Hundreds of Organizations Urge Congress to Close Tax Loophole for Fund Managers
by Brian Gumm, 9/5/2007
-For Immediate Release-
September 5, 2007
- Brian Gumm, OMB Watch, (202) 234-8494, email@example.com
Steve Wamhoff, Citizens for Tax Justice, (202) 299-1066
Hundreds of Organizations Urge Congress to Close Tax Loophole for Private Equity and Hedge Fund Managers
WASHINGTON, Sept. 5, 2007—More than 300 national, state and local nonprofit organizations signed a letter sent today to members of Congress urging them to eliminate a tax loophole that allows mega-rich private equity and hedge fund managers to pay federal taxes at a lower rate than middle-income people. Among the signatories are unions, faith-based organizations, advocates for children and families, social service nonprofits, and tax fairness advocates.
The loophole in question allows private equity fund managers, who can earn hundreds of millions of dollars a year in compensation, to pay federal taxes at a lower rate than middle-income individuals. Specifically, the loophole allows the part of fund managers' compensation called "carried interest" to be taxed at the low 15 percent rate for capital gains. Taxpayers earning as much as private equity fund managers usually are taxed at the top ordinary income tax rate of 35 percent.
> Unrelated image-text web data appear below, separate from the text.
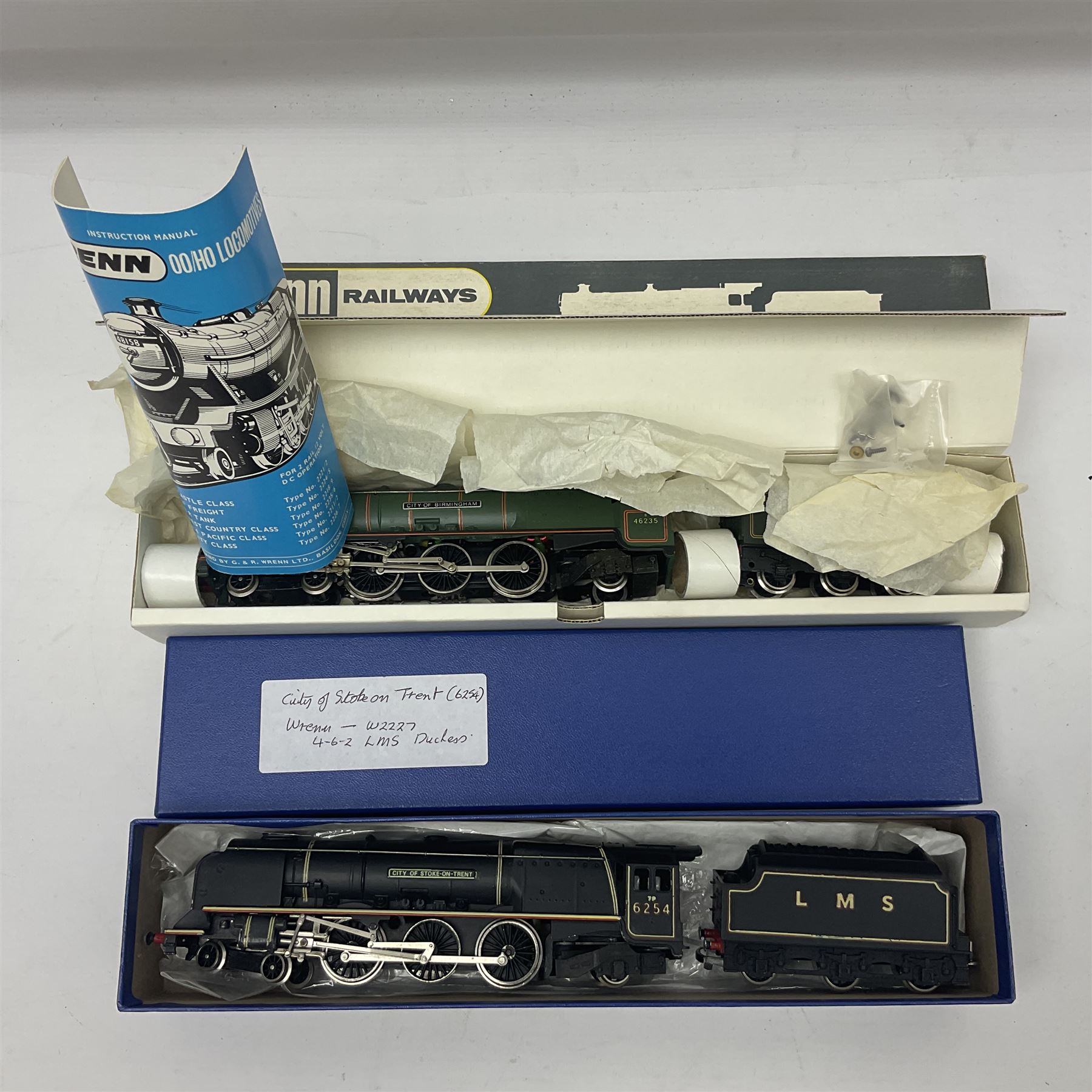 Wrenn '00' gauge - two Princess Coronation (Duchess Class) 4-6-2 locomotives - 'City of Birmingham' No.46235 in BR Green; boxed with tender and instructions; and 'City of Stoke-on-Trent' No.6254 in LMS lined black with associated plain blue box (2)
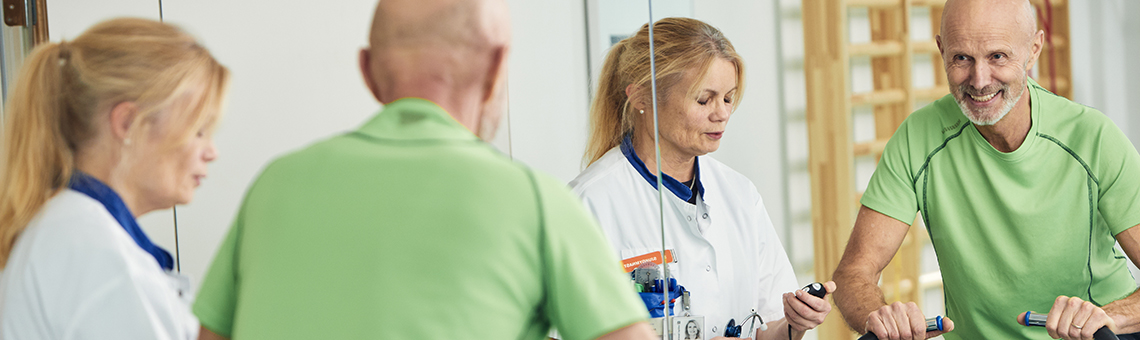 Fysioterapeut instruerar patient på träningscykel.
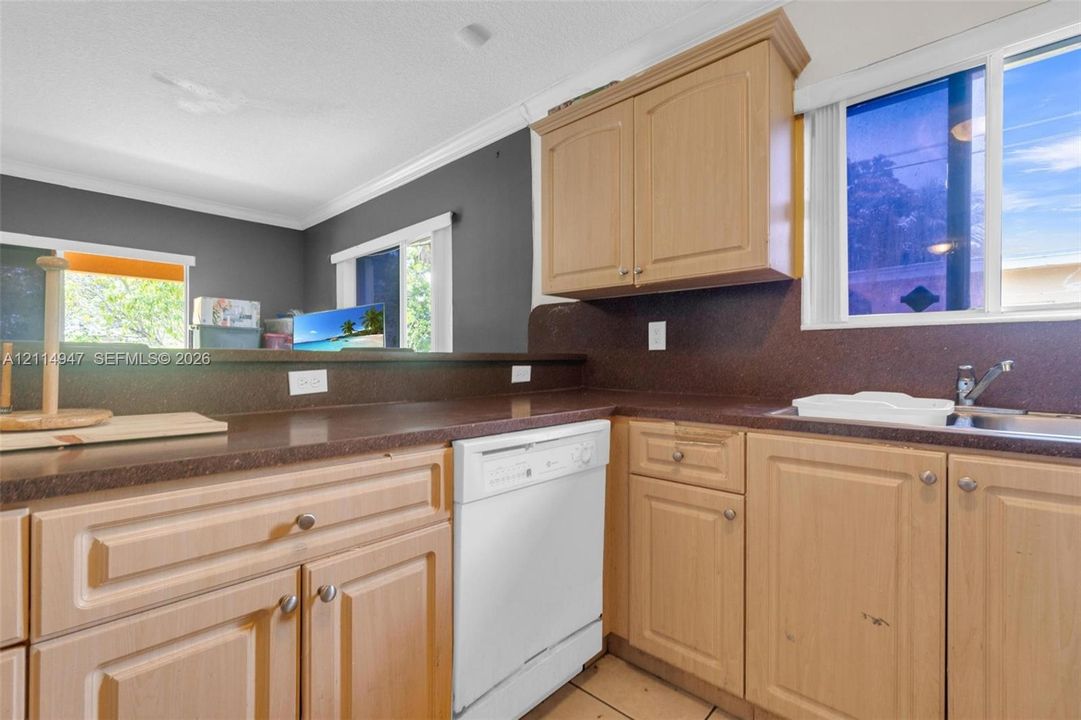 Kitchen featuring light-finish wood cabinetry, solid-surface countertops, integrated white dishwasher, and sliding windows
The letter was delivered a day before the House Ways and Means Committee is scheduled to hold a hearing to examine the carried interest loophole, as well as other tax fairness issues. This fall, the Ways and Means Committee is expected to consider legislation introduced by Rep. Sander Levin (D-MI) that would eliminate this unfair loophole. The Senate Finance Committee will also hold a hearing Sept. 6 on the carried interest loophole — its third this year.